It is also contended by counsel that the complaint shows that appellee in complying with the order to move the car, took a dangerous position at its end with his back to a car away from which the former was to be moved, and that he was, therefore, guilty of contributory negligence and assumed the risk of injury from the latter being forced against him by other cars being run upon the switch. This position does not demand extended consideration. Under the allegations of the complaint the position taken by appellee was not of itself dangerous and could only become so by a violation of duty on the part of the foreman and he was not bound, in the exercise of due care, to anticipate that the foreman who was, under the averments of the complaint, present and acting for the master would violate the duty to exercise ordinary care to prevent *394his position from becoming a dangerous one. Terre Haute, etc., R. Co. v. Rittenhouse (1902), 28 Ind. App. 633, 62 N. E. 275; Pittsburgh, etc., R. Co. v. Nicholas (1906), 165 Ind. 679, 76 N. E. 522.
4.
1.
Finally it is claimed by counsel that the complaint affirmatively shows that appellee was a carpenter and not an employe engaged in the operation of trains, and that, for that reason, he cannot come within the provisions of the statute which is invoked to establish his cause of action. It is not averred in the complaint that appellee was employed and working as a carpenter, but, on the contrary, it is averred that he was one of the appellant’s “yard and bridge men”; that as such, he was ordered to move a car on one of the tracks of appellant’s switch yard and that while doing this, he was injured by the movement of other cars and an engine in the yard and on that track. This obviously brings appellee within the application of the statute within the rule laid down in Indianapolis Traction, etc., Co. v. Kinney (1909), 171 Ind. 612, 85 N. E. 954, where it was said on page 617: “we do not mean that it is essential to the bringing of an employe within the statute that he should be connected in some way with the movement of trains, but it seems sufficient if the performance of his duties brings him into a situation where he is, without fault, exposed to the dangers and perils flowing from such operation and movement, and is by reason thereof injured by the negligence of a fellow servant described in the act.” See, also, Richey v.

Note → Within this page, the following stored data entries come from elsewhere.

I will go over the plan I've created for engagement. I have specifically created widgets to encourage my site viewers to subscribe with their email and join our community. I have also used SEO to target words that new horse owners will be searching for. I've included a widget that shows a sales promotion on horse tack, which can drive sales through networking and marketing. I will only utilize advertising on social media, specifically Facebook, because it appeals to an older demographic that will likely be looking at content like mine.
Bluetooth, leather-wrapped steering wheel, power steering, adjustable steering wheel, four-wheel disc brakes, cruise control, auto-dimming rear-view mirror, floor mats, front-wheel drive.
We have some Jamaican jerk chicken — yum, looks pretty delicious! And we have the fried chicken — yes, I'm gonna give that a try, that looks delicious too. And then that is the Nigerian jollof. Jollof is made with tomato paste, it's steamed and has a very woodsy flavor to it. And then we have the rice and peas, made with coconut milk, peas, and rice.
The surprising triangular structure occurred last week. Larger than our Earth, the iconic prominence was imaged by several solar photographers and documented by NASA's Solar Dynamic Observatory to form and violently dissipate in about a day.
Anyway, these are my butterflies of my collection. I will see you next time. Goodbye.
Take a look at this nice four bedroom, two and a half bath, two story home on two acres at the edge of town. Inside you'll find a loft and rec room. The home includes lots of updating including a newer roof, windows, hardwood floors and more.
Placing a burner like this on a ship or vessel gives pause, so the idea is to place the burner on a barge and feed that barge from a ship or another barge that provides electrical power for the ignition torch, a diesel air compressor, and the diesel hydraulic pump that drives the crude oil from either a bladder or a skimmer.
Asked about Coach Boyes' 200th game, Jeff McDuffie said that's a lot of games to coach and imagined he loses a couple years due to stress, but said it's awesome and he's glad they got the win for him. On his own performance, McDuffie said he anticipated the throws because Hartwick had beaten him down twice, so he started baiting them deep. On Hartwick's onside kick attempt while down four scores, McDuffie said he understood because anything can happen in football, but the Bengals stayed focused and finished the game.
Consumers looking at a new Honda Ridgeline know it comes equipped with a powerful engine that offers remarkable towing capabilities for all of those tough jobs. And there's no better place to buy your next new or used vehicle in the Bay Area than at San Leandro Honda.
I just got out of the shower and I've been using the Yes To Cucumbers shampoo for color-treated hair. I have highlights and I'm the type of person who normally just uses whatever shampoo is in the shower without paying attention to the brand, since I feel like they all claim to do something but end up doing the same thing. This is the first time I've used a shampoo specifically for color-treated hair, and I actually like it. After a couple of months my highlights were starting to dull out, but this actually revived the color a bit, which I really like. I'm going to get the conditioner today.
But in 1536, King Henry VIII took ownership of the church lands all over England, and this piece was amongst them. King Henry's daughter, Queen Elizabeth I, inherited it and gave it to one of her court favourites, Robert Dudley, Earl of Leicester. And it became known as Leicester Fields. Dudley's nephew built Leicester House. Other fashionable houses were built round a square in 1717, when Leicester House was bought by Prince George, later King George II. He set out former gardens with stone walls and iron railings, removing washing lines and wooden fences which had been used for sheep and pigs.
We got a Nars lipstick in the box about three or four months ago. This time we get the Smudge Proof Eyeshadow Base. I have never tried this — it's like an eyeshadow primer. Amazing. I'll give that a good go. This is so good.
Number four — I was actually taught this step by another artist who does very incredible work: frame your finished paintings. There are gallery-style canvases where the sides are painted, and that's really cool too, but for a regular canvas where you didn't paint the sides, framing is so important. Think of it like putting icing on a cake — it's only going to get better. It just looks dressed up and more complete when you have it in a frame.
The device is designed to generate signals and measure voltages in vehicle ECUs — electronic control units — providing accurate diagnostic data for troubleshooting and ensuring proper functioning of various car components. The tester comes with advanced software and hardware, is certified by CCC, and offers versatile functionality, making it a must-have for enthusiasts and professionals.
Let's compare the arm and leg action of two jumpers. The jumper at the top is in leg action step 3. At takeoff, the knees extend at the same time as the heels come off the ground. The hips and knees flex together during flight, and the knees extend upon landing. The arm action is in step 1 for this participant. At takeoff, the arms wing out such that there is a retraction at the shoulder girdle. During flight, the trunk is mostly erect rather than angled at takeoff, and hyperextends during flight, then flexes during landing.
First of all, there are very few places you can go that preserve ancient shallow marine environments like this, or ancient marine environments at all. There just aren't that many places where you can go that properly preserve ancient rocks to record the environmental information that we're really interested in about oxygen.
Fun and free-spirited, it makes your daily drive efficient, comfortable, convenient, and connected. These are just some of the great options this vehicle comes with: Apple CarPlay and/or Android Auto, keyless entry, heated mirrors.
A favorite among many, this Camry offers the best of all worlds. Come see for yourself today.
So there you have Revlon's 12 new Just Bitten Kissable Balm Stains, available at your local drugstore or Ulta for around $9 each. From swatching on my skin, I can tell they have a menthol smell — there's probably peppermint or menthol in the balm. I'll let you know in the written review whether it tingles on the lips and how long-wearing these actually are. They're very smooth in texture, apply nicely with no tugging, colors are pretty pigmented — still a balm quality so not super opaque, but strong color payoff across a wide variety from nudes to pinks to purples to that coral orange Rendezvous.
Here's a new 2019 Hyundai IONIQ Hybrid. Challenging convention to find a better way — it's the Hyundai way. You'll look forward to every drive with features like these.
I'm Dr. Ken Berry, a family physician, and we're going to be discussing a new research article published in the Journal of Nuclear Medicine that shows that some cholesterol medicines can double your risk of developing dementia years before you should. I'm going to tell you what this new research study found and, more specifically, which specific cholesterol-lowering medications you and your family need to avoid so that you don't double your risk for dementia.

Cleveland, etc., R. Co., supra, 557. The opinion of the Appellate Court in Terre Haute, etc., R. Co. v. Rittenhouse, supra, fairly meets all objections now urged to the complaint before us save only the one last discussed. The material facts involved in the two cases are much alike and the complaint there correctly held sufficient to state a cause of action under the statute here involved lacks something of the full and clear averments of the complaint now before us.
*395 5.
Answers to many interrogatories were returned by tbe jury with its general verdict. Appellant unsuccessfully moved for judgment in its favor on these answers, notwithstanding the general verdict for appellee. The denial of this motion is urged as error. The propositions or points stated by counsel for appellant under the heading of this alleged error are little more than abstract legal propositions fortified by the citation of authorities, but we are able to gather from them that counsel claim that as they show that appellee went between the car he was helping to move and the one behind him instead of pushing or pinching the former from the side, he was guilty of negligence which contributed to his injury and assumed the risk of injury by the latter ear being forced against him by other cars being run upon the track against it. These propositions or points involve no definite claim of inconsistency between the answers and the general verdict other than this. We have held the complaint sufficient and the general verdict necessarily found that its essential averments had been proven. The answers establish no fact sufficient to overthrow the general verdict. On the contrary, on the questions under consideration, they follow the averments of the complaint with rather close fidelity and add the important fact that the ear was moved in the method usually employed. What has been said on the questions of assumption of risk and contributory negligence in considering the complaint is applicable to this specification of error.
*396 6.
*395Under the assignment that the court erred in overruling appellant’s motion for a new trial, it is claimed that the evidence is insufficient in fact and in law to sustain the verdict. In that part of appellant’s brief devoted to points and authorities the sufficiency of the evidence is assailed in three particulars and none other, namely: (1) that it fails to show that the directing employe was acting for the master as a vice principal but, on the contrary, shows that he was a fellow servant of appellee; (2) that it does not *396establish a duty and a violation of it which caused appellee’s injury; (3) that it shows that appellee by the position he took assumed the risk of injury and negligently contributed to his own hurt. As applicable to the first of these questions, it was said by this court in Indianapolis St. R. Co. v. Kane (1907), 169 Ind. 25, 31, 80 N. E. 841, 81 N. E. 721: “The essence of the statute is that when the master installs one of his servants as the superior of others, with power to direct and supervise the latter in the performance of their duties in the master’s service, and with the power to exact obedience, such superior, while exercising the power of command, and ordering workmen into places where they might not voluntarily go, or when ordering them to perform a work in a particular place * * * or in accordance with his arbitrary commands, in giving such working orders to his fellow servants, stands in the shoes of the master.” In Louisville, etc., R. Co. v. Wagner (1899), 153 Ind. 420, 53 N. E. 927, it was said that the test of liability so far as this question was concerned was whether the offending servant was clothed by the employer with authority to give orders to the injured servant that the latter was bound to obey. In Terre Saute, etc., R. Co. v. Rittenhouse, supra, it was .said on page 640: “We think the general rule under the Employer’s Liability Act is that where one in the service of a railroad, * * * has power and authority to direct and control the work of another employe the former must be regarded as a superior of the latter and not a fellow servant.” The evidence in the case before us unequivocally brings it within these declarations. See, also, Thacker v. Chicago, etc., R. Co. (1902), 159 Ind. 82, 64 N. E. 605, 59 L. R. A. 792; Richey v. Cleveland, etc., R. Co., supra; 2 Thornton, Negligence §1661 and cases cited.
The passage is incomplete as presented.